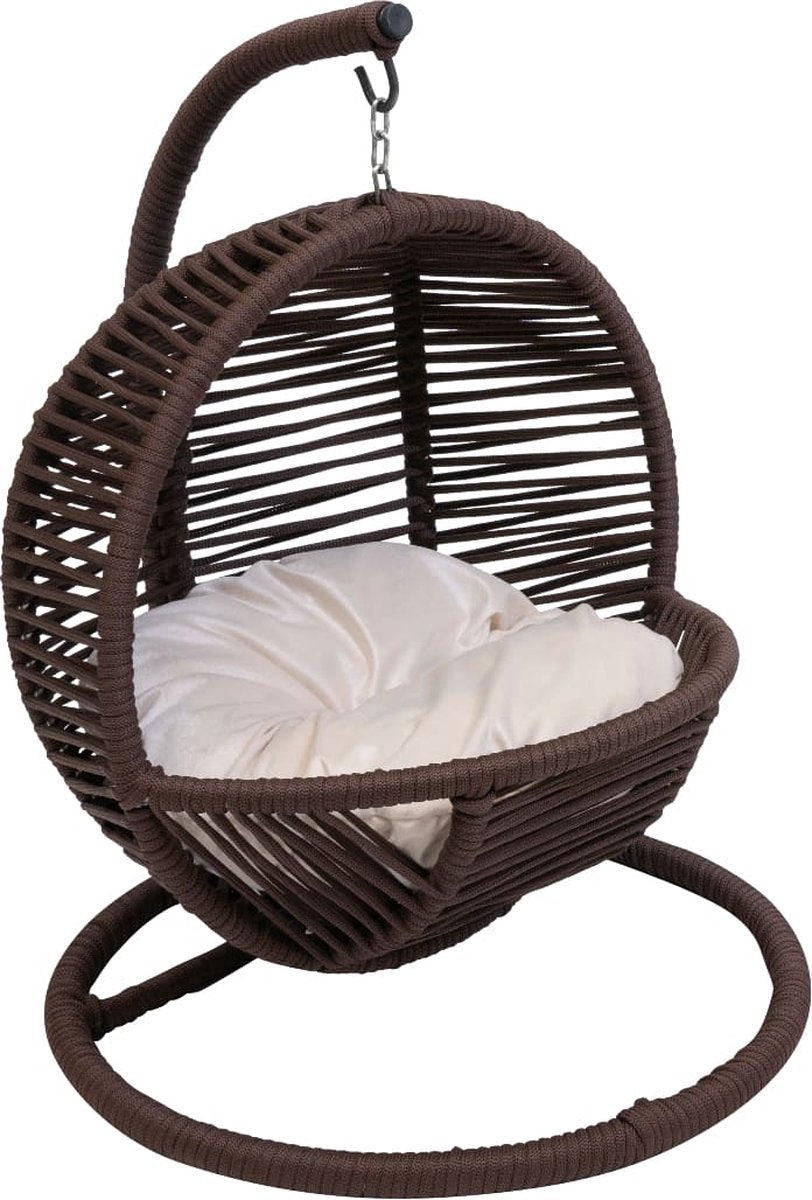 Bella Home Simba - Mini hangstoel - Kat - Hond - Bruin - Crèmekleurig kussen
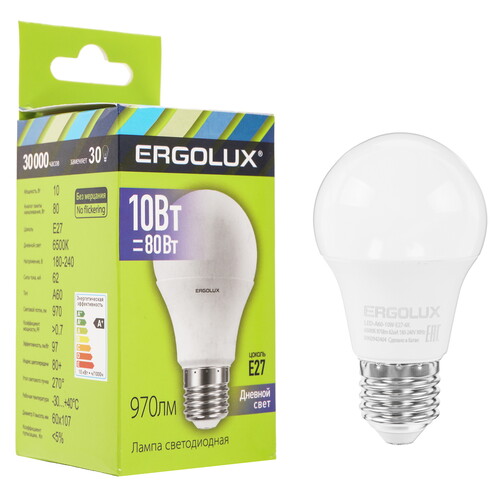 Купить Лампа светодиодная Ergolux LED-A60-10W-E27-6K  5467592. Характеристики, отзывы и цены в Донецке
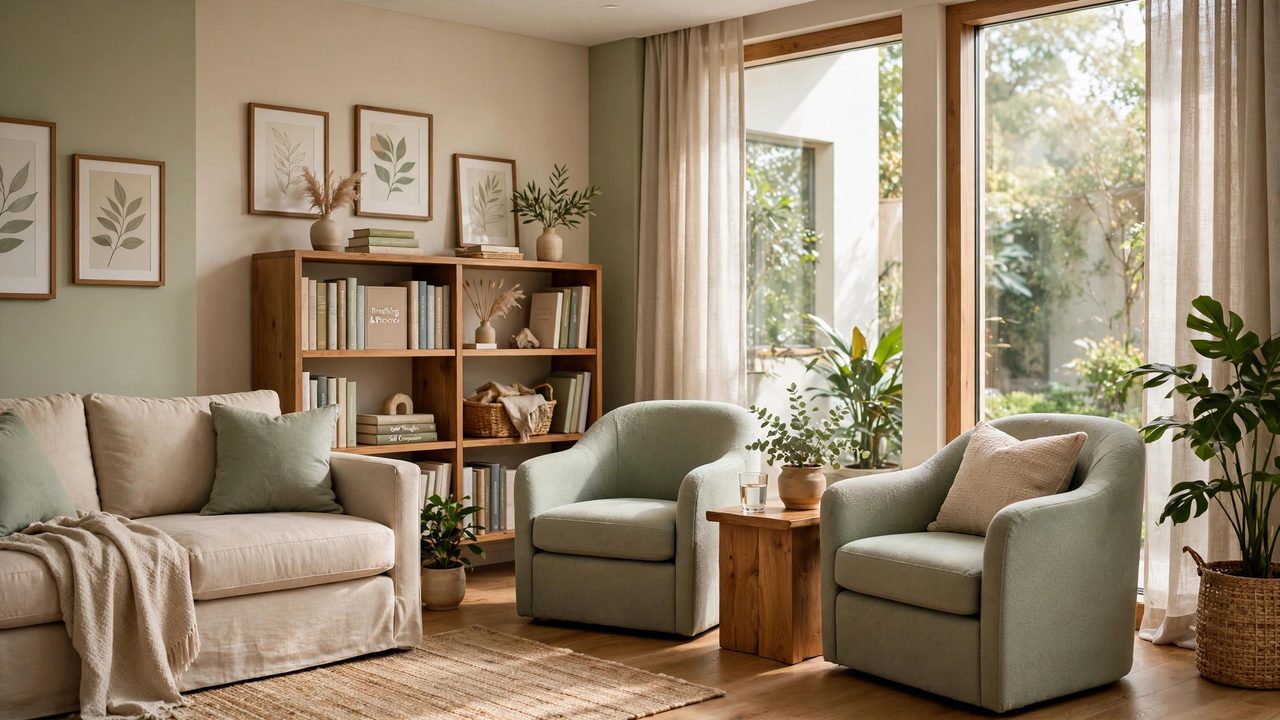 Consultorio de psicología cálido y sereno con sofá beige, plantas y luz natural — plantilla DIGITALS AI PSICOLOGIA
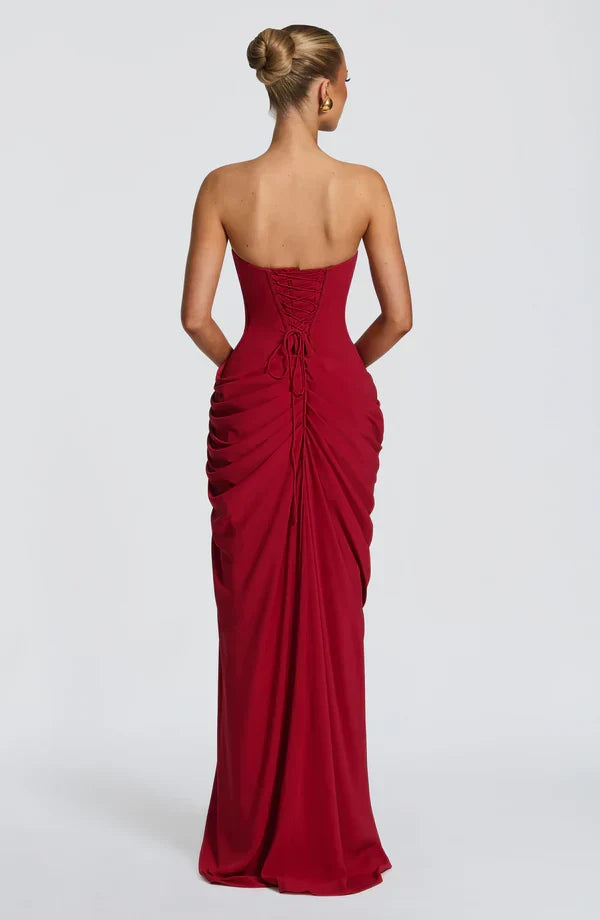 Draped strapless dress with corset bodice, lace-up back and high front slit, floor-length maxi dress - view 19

=-=-=-=-=

INSTRUCTIONS FOR THE TASK: Print the data above exactly; drop every picture.

WRITTEN RESPONSE:
 Bella Home Simba - Mini hangstoel - Kat - Hond - Bruin - Crèmekleurig kussen
 Купить Лампа светодиодная Ergolux LED-A60-10W-E27-6K  5467592. Характеристики, отзывы и цены в Донецке
 Consultorio de psicología cálido y sereno con sofá beige, plantas y luz natural — plantilla DIGITALS AI PSICOLOGIA
 Draped strapless dress with corset bodice, lace-up back and high front slit, floor-length maxi dress - view 19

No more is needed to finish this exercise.